Scaling Decision: Based on the metrics and the defined threshold, the HPA controller decides whether to scale the number of replicas up or down.
Applying Changes: The HPA controller updates the deployment's replica count, which the Kubernetes scheduler enforces.
What is Karpenter? How Karpenter Works in EKS?
Karpenter is an open-source, flexible, high-performance Kubernetes cluster Autoscaler designed to manage dynamic workloads by automatically launching the right compute resources for your EKS cluster.

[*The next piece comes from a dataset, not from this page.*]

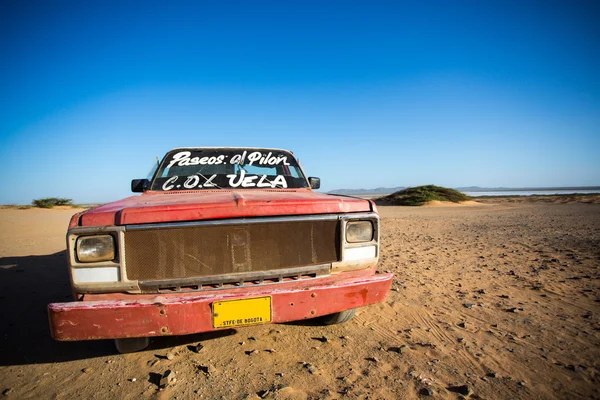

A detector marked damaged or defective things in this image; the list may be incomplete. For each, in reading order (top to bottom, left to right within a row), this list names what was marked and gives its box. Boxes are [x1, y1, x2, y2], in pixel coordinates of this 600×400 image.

How Karpenter Works in EKS ?
Event-Driven Scaling: Karpenter reacts to unschedulable pods in real-time, making scaling decisions based on the current state of the cluster.
Optimal Instance Selection: It chooses the most appropriate instance types and sizes based on the resource requirements of the unschedulable pods.
Provisioning Nodes: Karpenter interacts directly with the AWS APIs to provision new instances, optimizing for cost and performance.
Node Registration: Newly provisioned nodes are registered with the EKS cluster and available for scheduling.
Resource Efficiency: Karpenter continuously monitors the cluster and scales down underutilized nodes to ensure cost efficiency.
Conclusion
Autoscaling in Amazon EKS, through both node and pod autoscaling, provides a robust solution for dynamically managing resource requirements, ensuring high availability, and optimizing costs. Tools like HPA and Karpenter play a crucial role in this process, enabling seamless scaling based on real-time metrics and workload demands.